You can still plug arbitrary input devices into the accessibility controller.

That could be detected, at least (the accessibility controller almost certainly has its own USB product identifier, and I assume the games can see it; it would be a bit of a red flag for all the top players to be “disabled”).

It’s impossible to prevent hardware mods to officially-licensed controllers.

Your point would be better made by noting that they’re not even trying, or talking about ever trying. Microsoft could, for example, announce that only tamper-resistant controllers will be approved after 2024. While such a thing would not be foolproof, the number of people with experience hacking well-designed tamper-resistant hardware is limited and they probably don’t work cheaply.

That Anonymous Coward (profile) says:

it’s for “performance, security, and safety.”

Which is why we haven’t done anything about it during the entire lifecycle of the product until now.

Just because this will land right before the holiday shopping season is no reason to think this is just us trying to claw a few more pennies out of our users to help defray the cost of blizzard.

Anonymous Coward says:

“Using unauthorized accessories compromises your gaming experience. For this reason, the unauthorized accessory will be blocked from use on 11/12/2023.”

Well, I suppose disabling people’s controllers won’t compromise their gaming experience. No gamer has ever complained about the experience of having a controller that doesn’t work.

Anonymous Coward says:

“Welcome to the modern world, where the thing you bought that worked a particular way at the time you purchased it isn’t actually fully owned [by] you, which means the thing you bought could work totally differently tomorrow!”
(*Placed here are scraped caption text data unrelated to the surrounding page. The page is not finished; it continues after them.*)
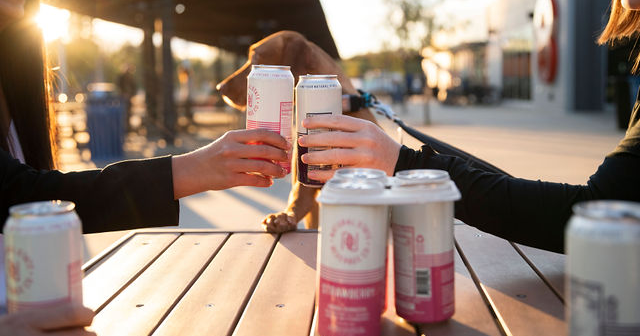two people toasting at a table with cans of beer.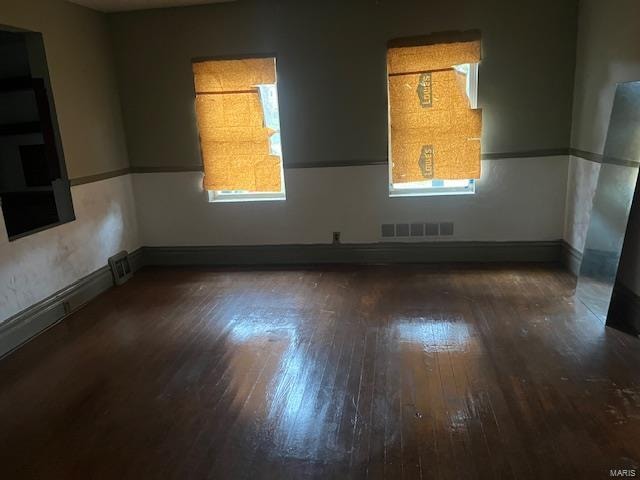 unfurnished room featuring dark hardwood / wood-style floors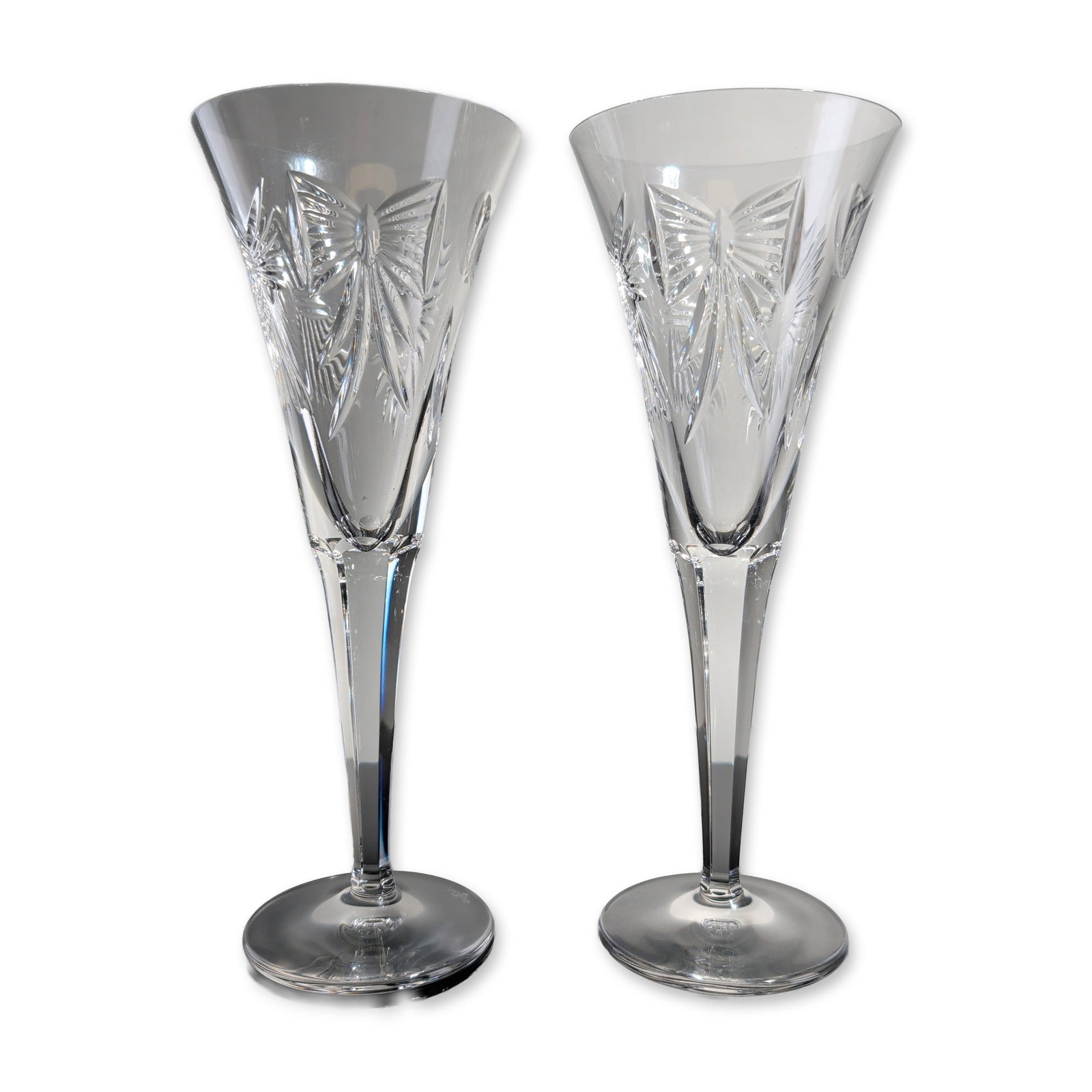 2pc Waterford Millennium Happiness Crystal Champagne Flutes: Waterford pair of champagne toasting flutes in lead crystal, part of the Millennium series in the Happiness pattern. Each piece features a trumpet-shaped bowl decorated with a central sunburst motif a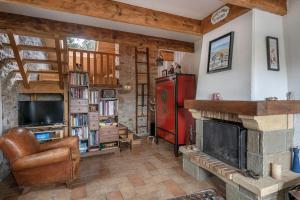 a living room with a fireplace and a red refrigerator at Golfe du Morbihan, Maison de charme pour 6 in Sarzeau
And this is why I’m still running Windows 7. Sure, it’s been unsupported for over a decade, but at least it doesn’t have to always be online just to work, meaning Micro$h!t can’t arbitrarily stop it working the way I need it to as a result.

Anonymous Coward says:

Re: Windows 7 support

Windows 7 Extended Support ended on January 14, 2020, three years ago. ‘Security updates were available for the operating system until January 10, 2023,’ which is recent.

Google Chrome ended its support for Windows 7 and 8/8.1 with v. 109.0.5414 (incl.), which version was released on 10 January 2023. This release of Chrome is still fairly modern, and will remain so for those that want to continue using it.

Firefox still supports Windows 7/8.1, though with the v. 115 ESR (extended support release) branch. Mainline Firefox is at v. 119.

If you want slightly better security, you might consider Windows 8.1. Its Extended Support ended on 10 January 2023, which is this year. It might still receive some security updates after this date.

So far, consumer Home and Pro versions of Windows 10 will be supported until 14 October 2025, unless Microsoft changes its policy.